Ignatius Loyola has a useful rule of thumb for this understandable human resistance to change and to admitting vulnerability. Simply put, it is to clearly identify the negativity and resistance as factors that are preventing progress – a huge step in itself – and then to deliberately act against the tendency to keep things to oneself, to isolate and to keep up a pretence. Rather, Ignatius boldly suggests that a person should do the exact opposite: they should throw themselves into pursuing solutions, into approaching qualified professionals (no room for quacks here), and they should not be put off by minor problems or inevitable obstacles (e.g. a therapist doesn’t work out and one has to get another).
For some people, especially those in severe difficulties, this can seem almost impossible. This is where real prayer comes in: God wants to heal us and will give us the strength, but often we have to let go of a lot of control and pour everything we have into prayer that leads to action. This is often called ‘handing it over’ or ‘abandoning oneself’, and it links directly to Jesus’ experience on the cross. The bitter words wrung from the depths of his soul, “Why have you forsaken me”, resonate with all of us. But real prayer of this kind – an expression of human struggle and pain – is a starting place, not an end. Jesus’s story, as we well know, swings around to the resurrection shortly after his darkest moment.
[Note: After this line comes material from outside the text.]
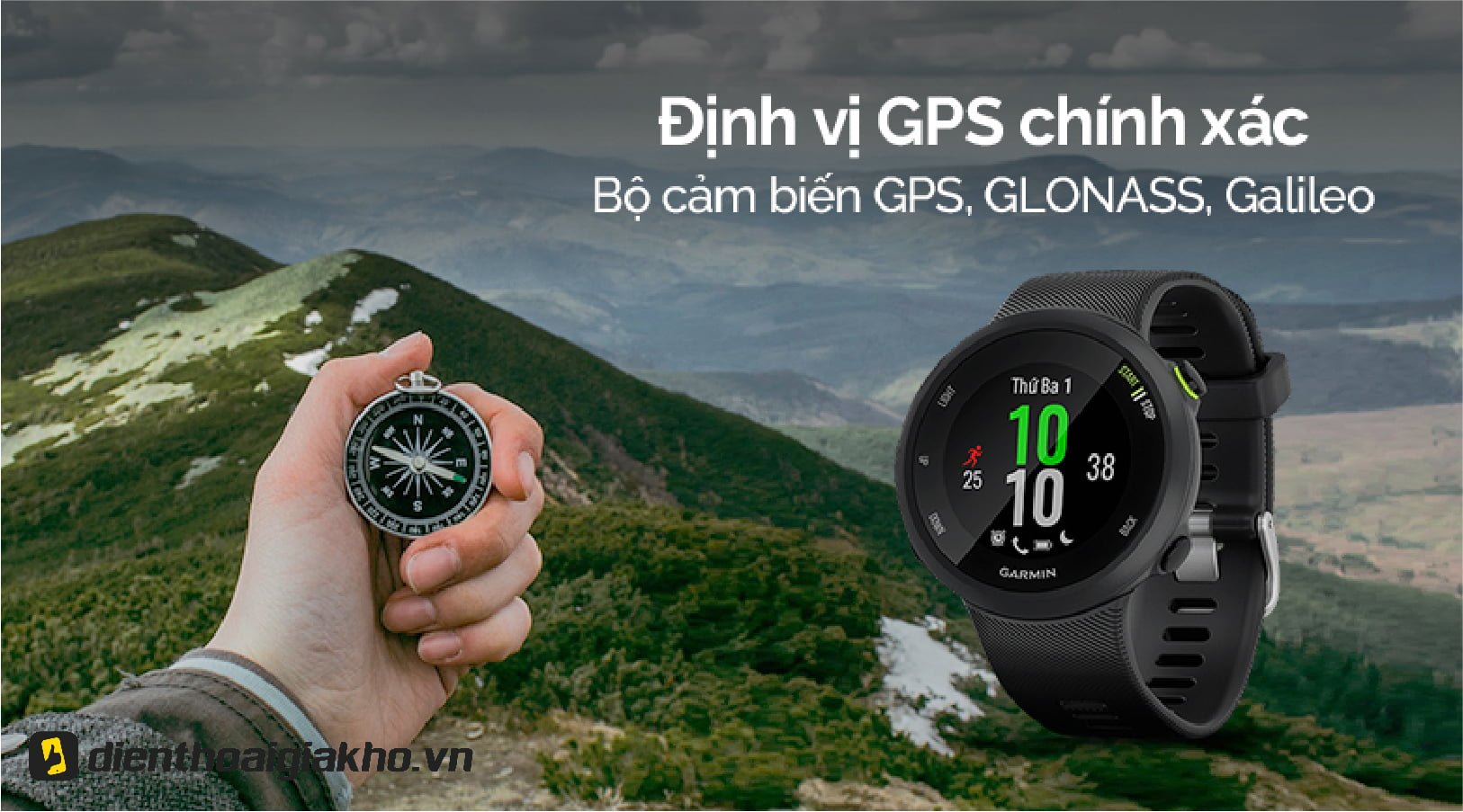 Garmin Watch Forerunner 45 GPS có khả năng định vị chính xác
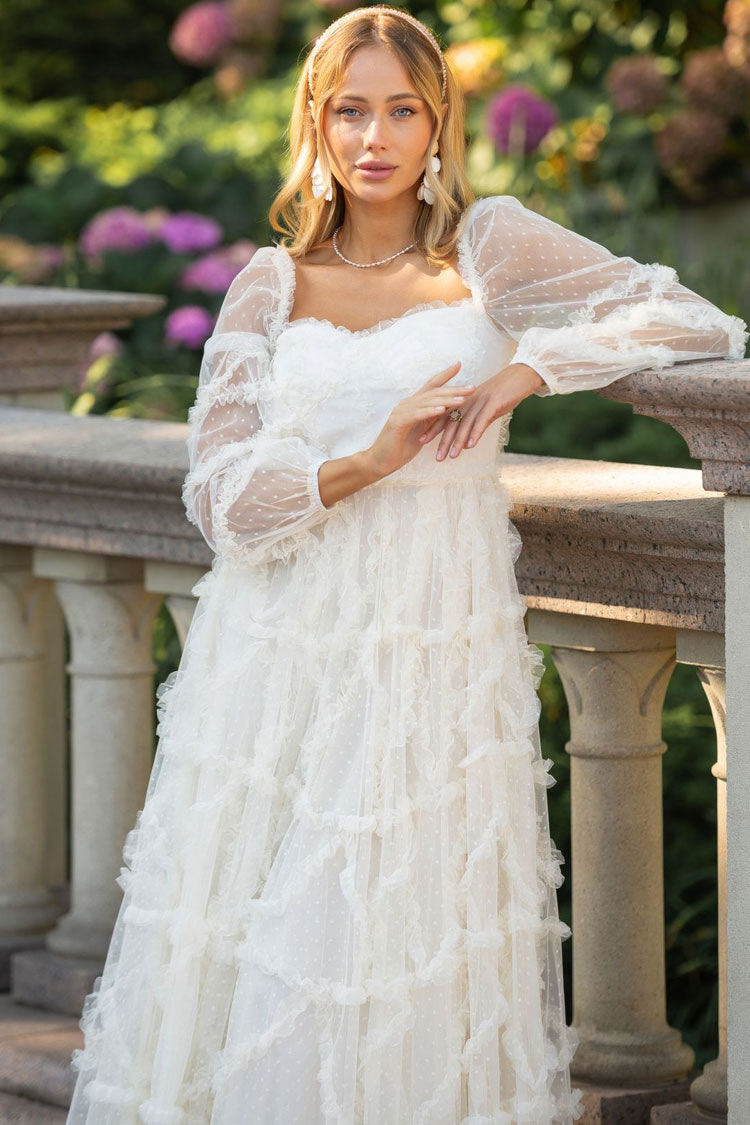 Fairytale Sweetheart Belted Dotted Tulle Layered Dress - Beige - View 2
There is also the personal payoff in reaching out, in nailing one’s demons and breaking old unhelpful habits and ways of thinking. There is the rare satisfaction of taking one faltering step down the road towards healing and living in trust instead of fear – no small thing! St Ignatius has a name for this: spiritual consolation, or being oriented to the light. It is not at all about having good feelings; it is a deep-seated sense of rightness and a growing inner peace. People may, however, feel that this isn’t enough. We have been conditioned by media and advertising to expect instantaneous healing, blissful feelings and cost-free transformation. But that’s not realistic. Most of us have to walk the way of the Cross. There can be intense pain along the way, but eventually it leads to the light.
One other feature I noticed in my suffering friend was that his personal crisis seemed to be linked to a somewhat warped sense of God as punishing or remote. This too needs to be addressed. We need to purify our images of God. We need to shed the habit of projecting our negative life experiences onto God. For this there must be a great deal of letting go and re-experiencing the God of life and compassion. The parable of the Prodigal Son or Daughter seems impossible or unrealistic. How could the parent welcome back their errant offspring with open arms and bring them back into the heart of the home as if nothing had happened? It’s so hard to believe in unconditional love, acceptance and forgiveness when one has no experience of these. Yet the parable provides one of the truest images of a merciful Father. It is the child who has to make the journey home into a wonderful embrace.